A former Russian lawmaker and critic of President Vladimir Putin was shot dead outside his hotel in Kiev on Thursday. Denis Voronenkov had fled Russia in October 2016 about speaking out against the Russian government’s policies. Ukraine has blamed Russia for the murder, which they termed “state terrorism”, reported NPR. Voronenkov was granted citizenship by Ukraine.

Investigators said he was shot three to four times in his head and neck outside Premier Palace hotel. He died on the spot. The assassin was injured in a gun battle with Voronenkov’s bodyguard and later died in hospital.

“He told me he was receiving threats from the FSB [Russia’s federal security service],” Ilya Ponomarev, a former MP who has also fled Russia, told The Guardian. “To be honest, I had thought he was being a bit paranoid.” Voronenkov was to depose against Ukraine’s former president Viktor Yanukovych, who had fled to Russia after the Maidan revolution in 2014.

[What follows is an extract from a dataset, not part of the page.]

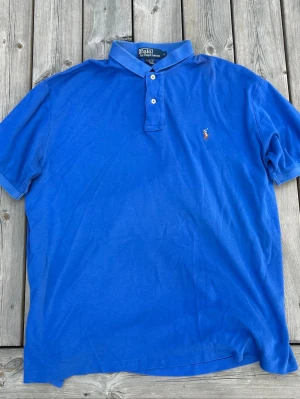 Blå pikétröja från Polo Ralph Lauren - Klassisk blå pikétröja från Polo Ralph Lauren med korta ärmar och krage. Tröjan har två knappar framtill och den ikoniska broderade loggan på bröstet. Perfekt till jeans eller shorts för en avslappnad men snygg look.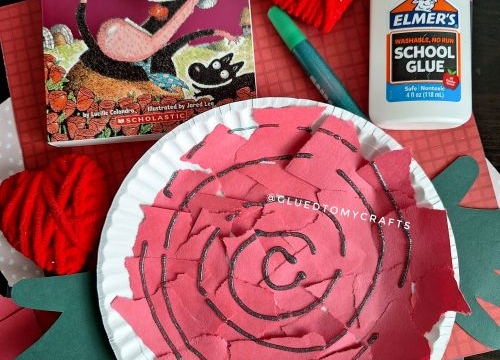 A children’s craft project is displayed with a paper plate rose made from torn pink paper, a bottle of Elmer’s glue, a green marker, red yarn hearts, and the book There Was an Old Lady Who Swallowed a Rose!—a perfect Valentine’s Day craft idea for kids.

After the killing, Ukranian President Petro Poroshenko said Voronenkov was one of the “main witnesses of the Russian aggression against Ukraine and, in particular, the role of Yanukovych regarding the deployment of Russian troops to Ukraine”. Voronenkov had criticised Russia’s decision to annex Crimea and support the uprising in east Ukrain. Though he had voted in favour of the annexation, he had later said that he had done so because of political pressure.

Putin’s spokesperson Dmitry Peskov dismissed the allegations in connection with the murder. Foreign ministry spokesperson Maria Zakharova said the “killer regime” in Kiev “will do its best to make sure that no one will ever know the truth about what happened”.

“I believe that whatever will happen will happen. I don’t intend to hide,” Voronenkov had said in a recent interview. “It’s hard to imagine we will be forgiven.”